O POVO NÃO É BOBO
Edson Arantes do Nascimento, o
Pelé, fora das quatro linhas onde conquistou, por méritos, o título de
rei do futebol, pisa na bola com frequência. Ainda agora se meteu no escândalo da Fifa e manifestou apoio a Joseph Blatter, presidente renunciatário daquela entidade internacional corroída pela corrupção.
Nem de longe, no entanto, essa foi a pior interferência do
jogador nas questões políticas. Durante a ditadura no Brasil, o Rei
Pelé lançou um édito: “O povo brasileiro não está preparado para votar”.
Pelé fez um golaço.

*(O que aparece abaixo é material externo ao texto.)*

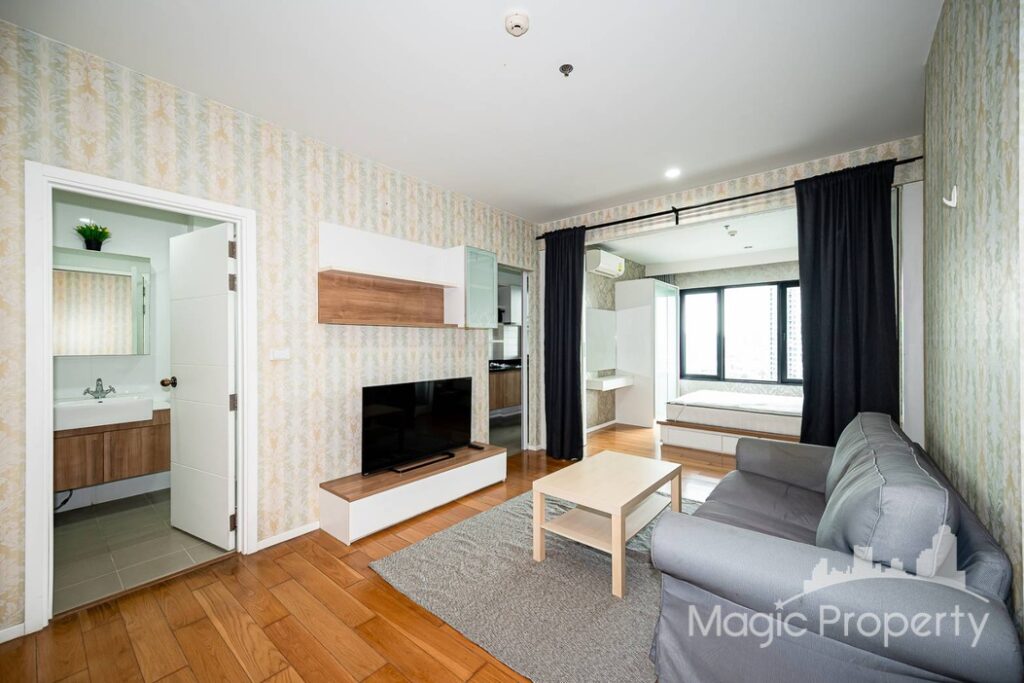 For Sale 1 Bed Condo in Blocs 77 Condominium, Phra Khanong, Bangkok | ฿4,150,000 | MGP1642 – Photo 4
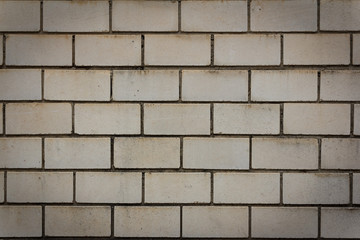 old brick wall texture background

Daquela vez, já fora de campo, um golaço contra.
O eleitor brasileiro, ao contrário do que pensa Pelé, tem
muito mais acertos do que erros, levando em consideração, por exemplo,
as 11 eleições presidenciais diretas ocorridas ao longo dos últimos 70
anos da República. Sobre isso ele nada sabe e, para opinar, deveria
saber. A afirmação de Pelé reflete a posição daqueles observadores
movidos, em geral, pela ignorância ou pelo preconceito.
O povo não é bobo. A mais recente comprovação da correta
percepção popular está nos números de uma pesquisa Ibope, feita em maio,
sobre temas políticos e administrativos. A mídia silenciou sobre o
assunto quando bateu de frente com a resposta dada à seguinte questão
proposta ao entrevistado:
“A imprensa brasileira mostra o País numa situação econômica mais negativa do que a que percebo no meu dia a dia”.
O Ibope admite a influência da mídia “no sentimento de pessimismo dos brasileiros”.
O instituto apoia-se no expressivo número de 41% dos entrevistados que
acreditam nisso. Ou seja, “a imprensa mostra uma situação econômica mais
negativa” do que parece ser.
Existe uma crise econômica inegável e o jornalismo não é
por natureza mensageiro da bem-aventurança. É de Rubem Braga, o grande
cronista, uma afirmação radical sobre isso: felicidade não dá manchete.
Apesar do bombardeio diário contra o governo, muitas vezes
sem comprometimento com os fatos, desponta na resposta da maioria da
população a restrição ao papel da mídia. Ela parece torcer contra e
jogar na posição do quanto pior melhor.
Os entrevistados reconhecem isso. Por
outro lado, andam, porém, mergulhados na descrença sobre o futuro do
País porque vê e sente o desemprego em crescimento e a inflação em alta.
Entretanto, o problema neste caso não está contaminado pelo viés político-ideológico.
A mídia tem o direito de ser conservadora, reacionária ou o
que mais quiser. Só não pode ser desonesta e esconder do leitor um
fato, como o agora relatado, no fundo da gaveta.